• EXERCISE DIRECTIONS
Please output only the lines running from the one that contains "Interface focusrite 212 2' geração" through the last line of the data below, exactly as they stand, with no pictures.

• PROVIDED RECORDS
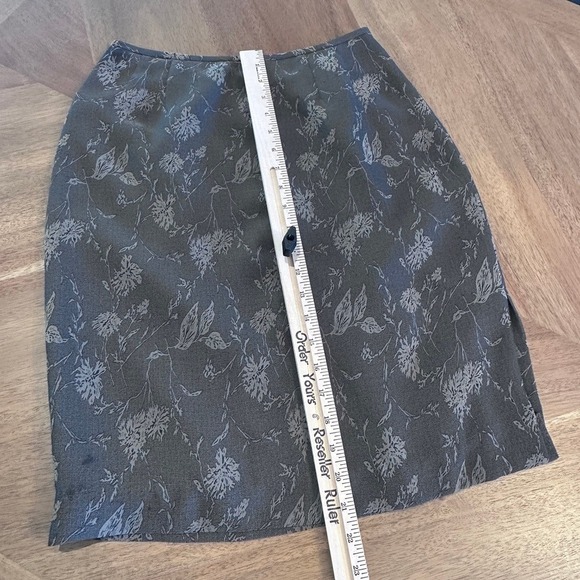 2 Piece‎ Taupe Skirt Suit Le Suit Petite Women's Floral Print Size 6P - Picture 11 of 13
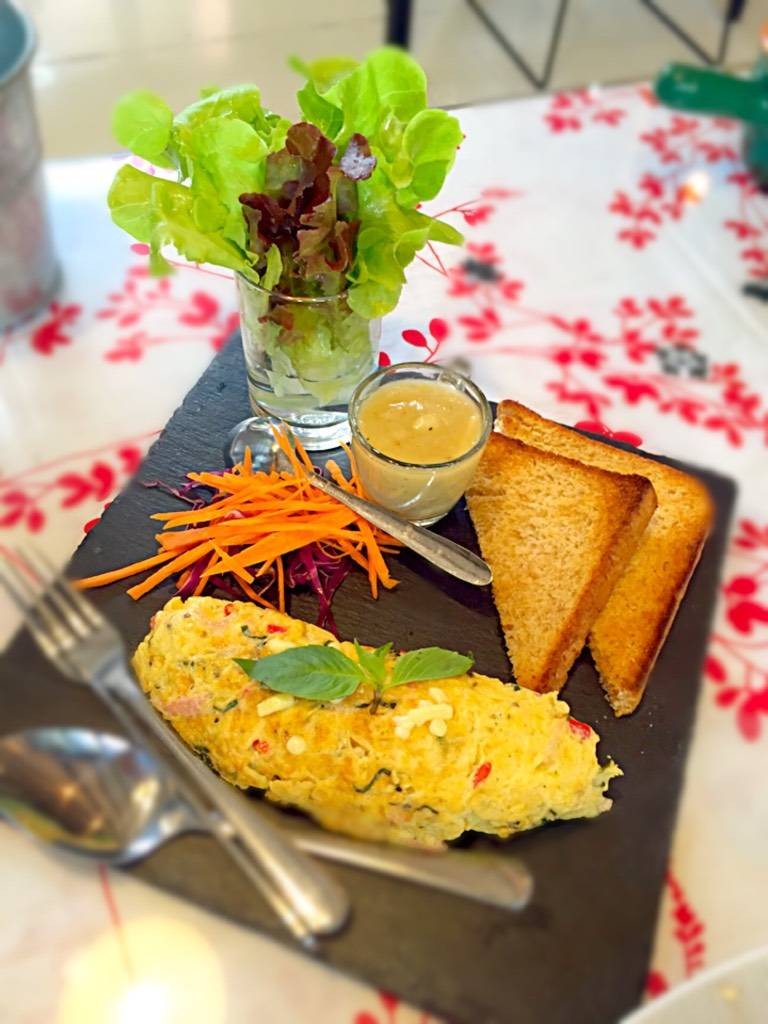 ไข่พริกหลบ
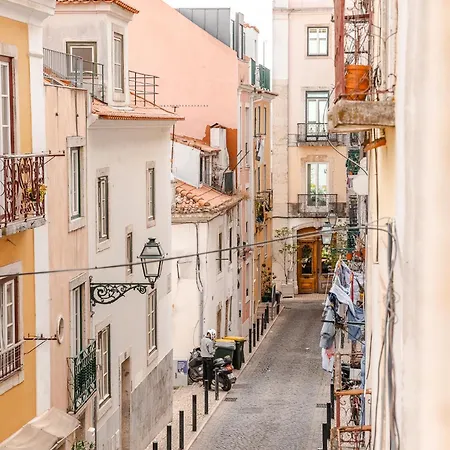 A1 Fully Renovated! Very In Bica With Ac Apartment Lisbon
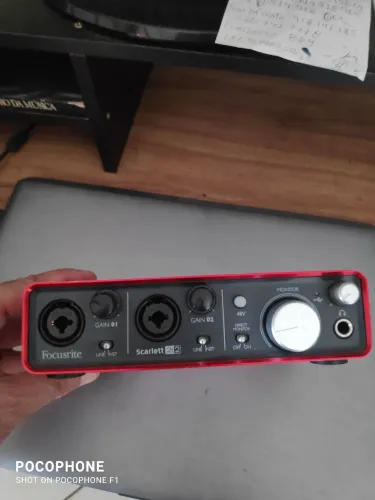 Interface focusrite 212 2' geração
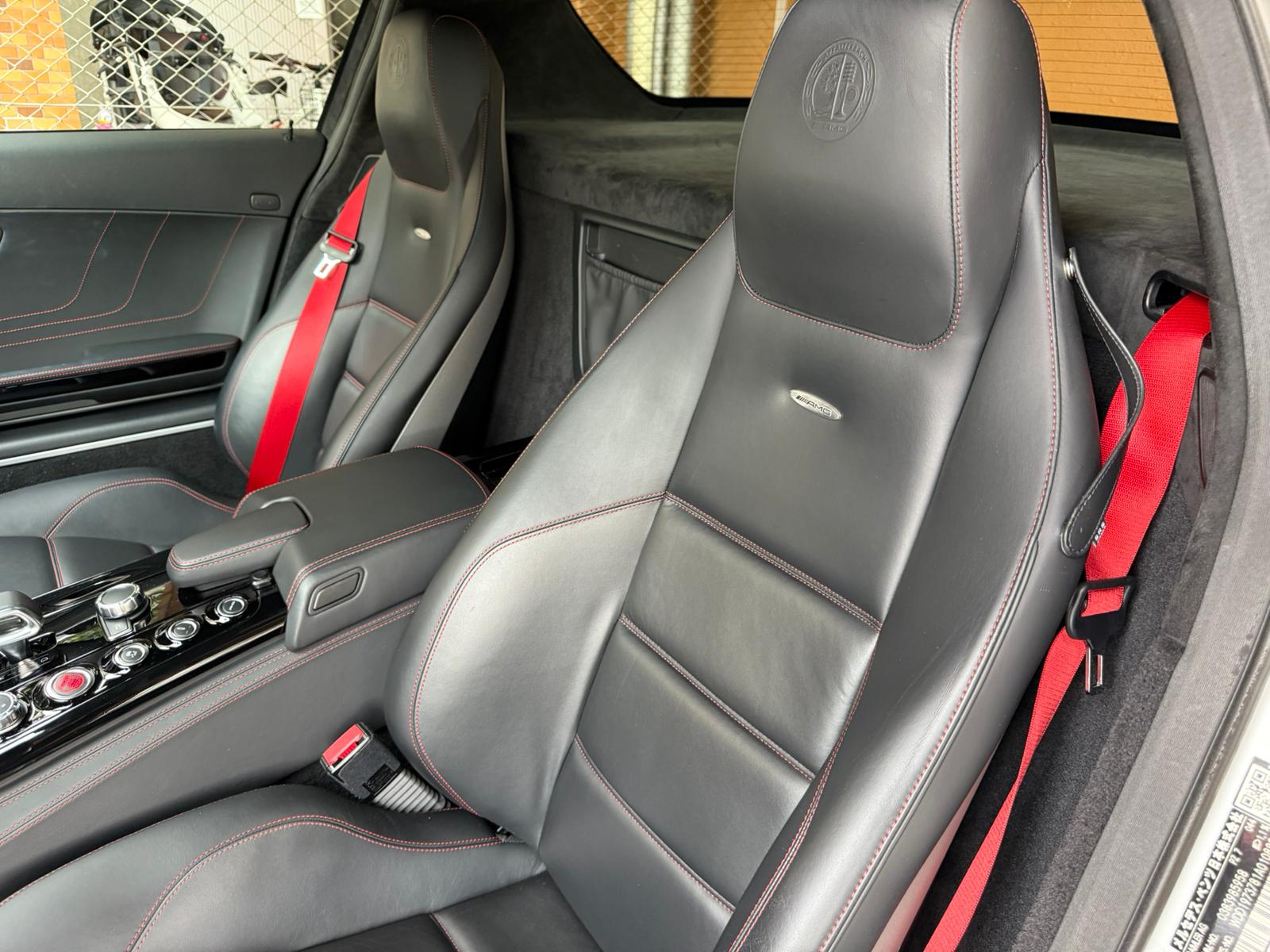 Mercedes Benz SLS AMG GT (photo: 8)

• RESULT BELOW
 Interface focusrite 212 2' geração
 Mercedes Benz SLS AMG GT (photo: 8)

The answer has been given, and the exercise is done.